Diese sieben Hochgeschwindigkeitssterne ermöglichten es dem Forschungsteam, nachzuweisen, dass sich im Zentrum von Omega Centauri tatsächlich ein schwarzes Loch befindet. Aus der Bewegung der sieben Sterne schloss das Team, dass dieses mindestens eine Masse von 8200 Sonnen haben muss. Nadine Neumayer, eine Mitautorin der Studie, betont: „Bei früheren Studien der Zentralregionen von Omega Centauri konnte man jeweils kritisch nachfragen: Wo sind denn die Hochgeschwindigkeitssterne?
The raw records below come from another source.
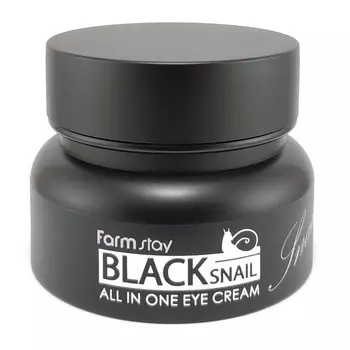 FARMSTAY Крем с муцином черной улитки для глаз / Black Snail 50 мл
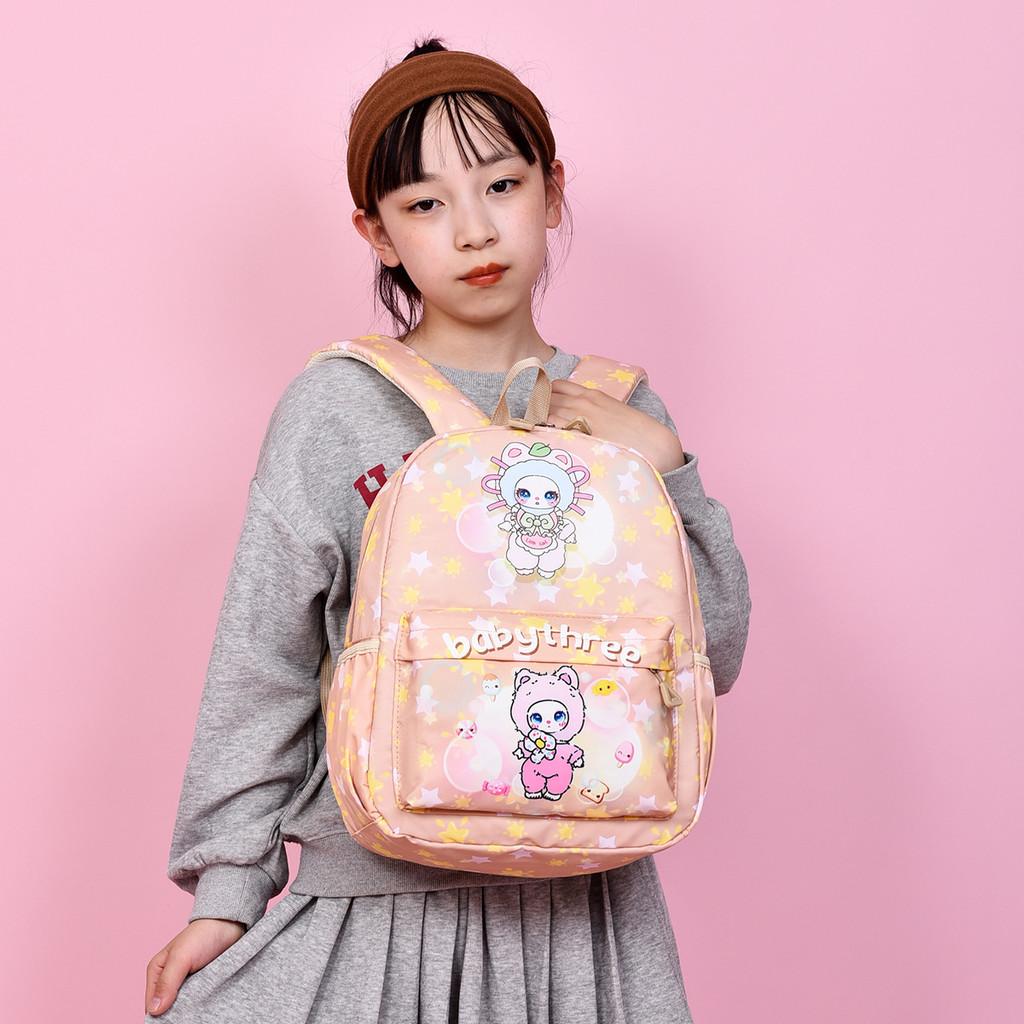 Медведь Кролик Головной чехол Девочка Принт Мультяшный Животный узор Рюкзак Дети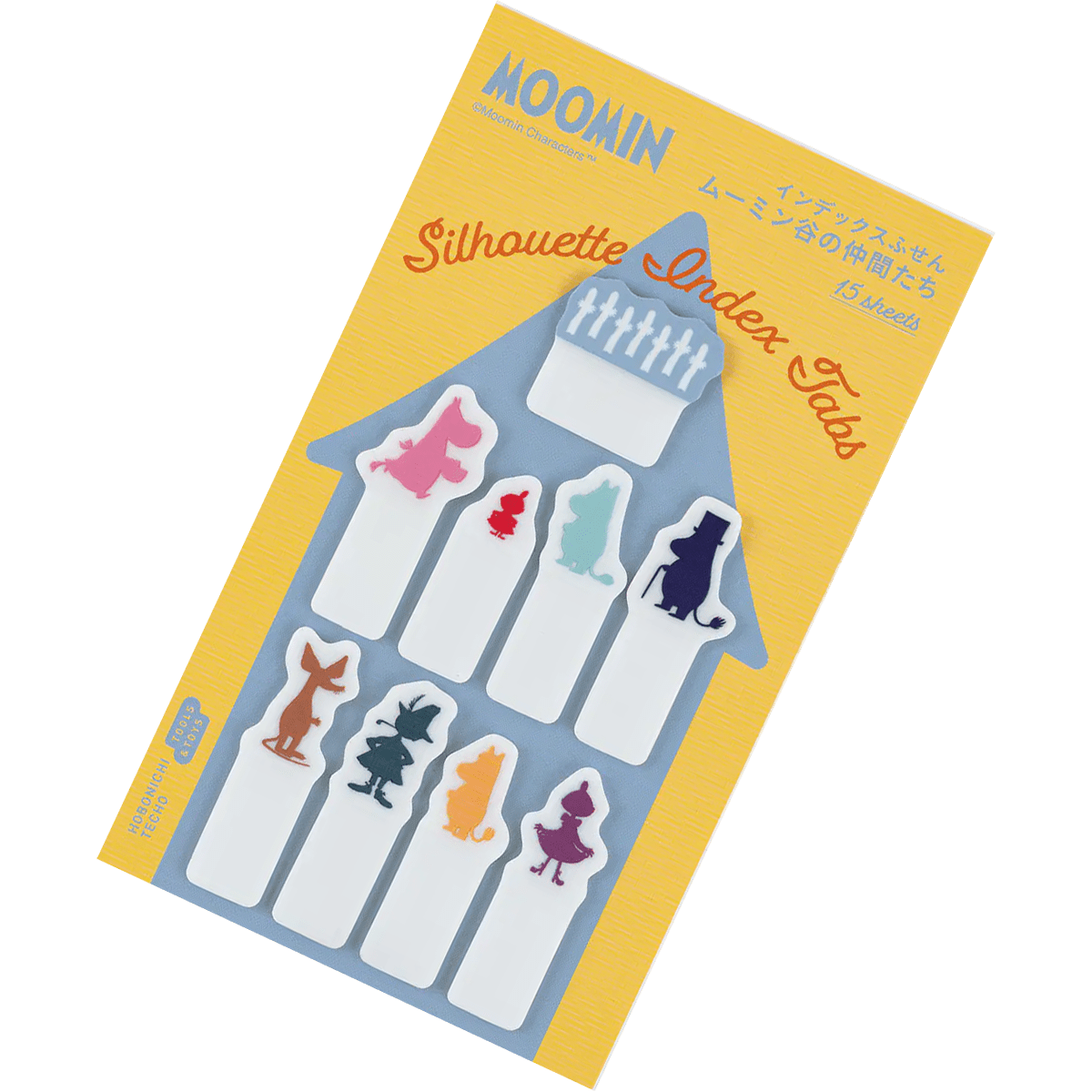 Hobonichi Sticky Notes - Moomin: Index (Friends of Moominvalley) - Pen Boutique Ltd
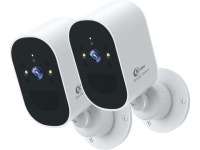 2PCS 4MP Security Cameras Wireless Outdoor, 2.5K WiFi Indoor Home Security Cameras with PIR Motion Detection, 2.4GHz WiFi, 2-Way... 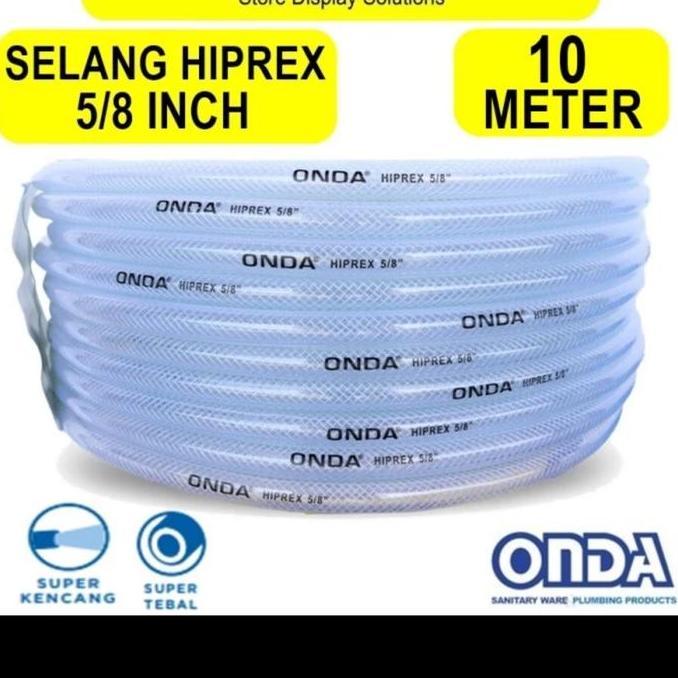 Selang Benang Onda Hiprex 5/8 Inch 5/8 In Panjang 10M Sebandung Premium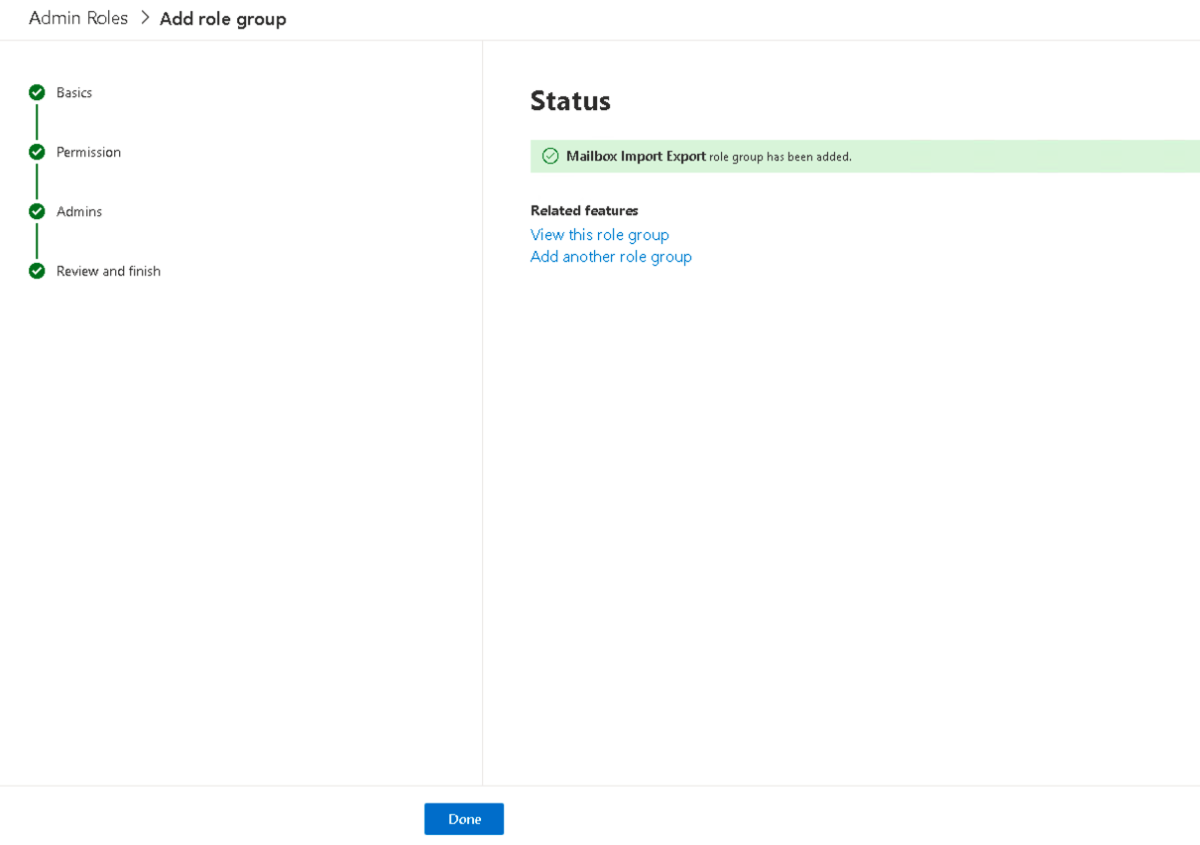 Troubleshooting: Unable to Add Exchange Online Role Group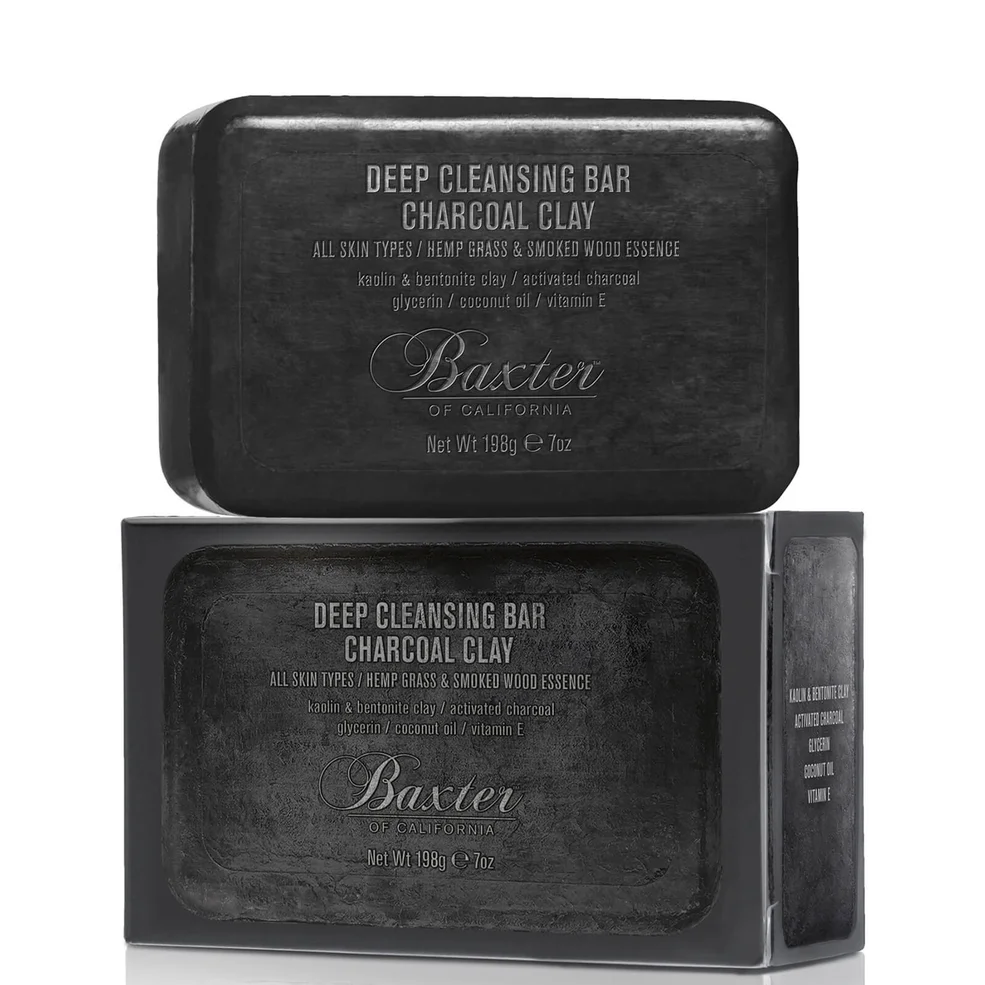 Baxter of California Deep Cleansing Bar Charcoal Clay Image 1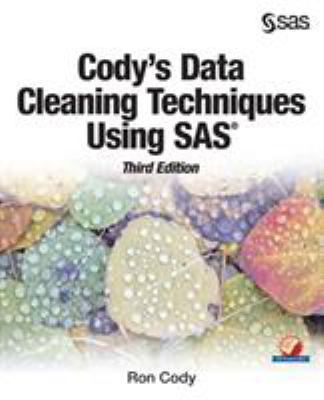 Cody's Data Cleaning Techniques Using SAS, Thir... 1629607967 Book Cover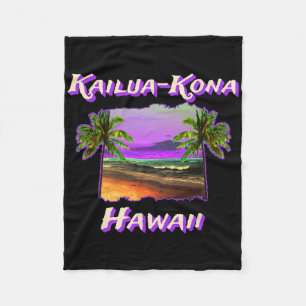 Couverture Polaire Plages De Kailua-kona Hawaii 1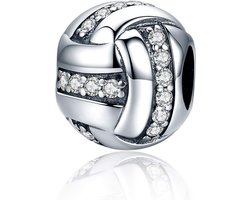 Zilveren Bedel - Sport Sieraad - Armband Versieren - 925 Sterling Zilver - Compatibel met Pandora - Zilverkleurig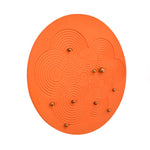 Fluted Round Wall Decor (Orange)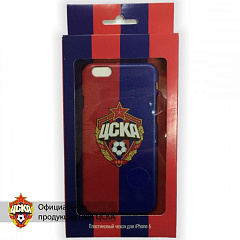 Клип-кейс для iPhone 6 красно-синий №2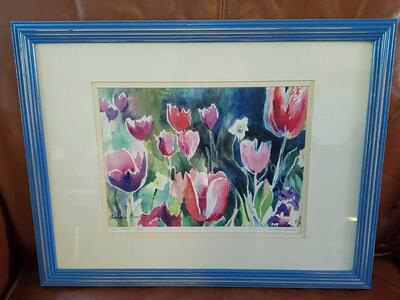 Water Color Tulips Signed & Numbered Print 6 of 10 By Barbara Braak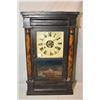 Image 1 : Antique Seth Thomas, Plymouth Hollow, Conn. weight driven clock in wooden case with partial painted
Jetzt haben wir die Antwort, und die Bestätigung, dass Omega Centauri tatsächlich ein mittelgroßes schwarzes Loch enthält.“

Omega Centauri und sein schwarzes Loch sind eine Momentaufnahme der Galaxien-Evolution

Neumayer fügte hinzu: „Mit einer Entfernung von etwa 18.000 Lichtjahren ist dies das nächstgelegene bekannte Beispiel für ein massereiches schwarzes Loch.“ Zum Vergleich: Das supermassereiche schwarze Loch im Zentrum der Milchstraße ist etwa 27.000 Lichtjahre von der Erde entfernt. Häberle und sein Team planen, das Zentrum von Omega Centauri in der Zukunft noch genauer zu untersuchen. Dabei soll das „James Webb“-Weltraumteleskop helfen, für das das Forschungsteam bereits Beobachtungszeit erhalten hat.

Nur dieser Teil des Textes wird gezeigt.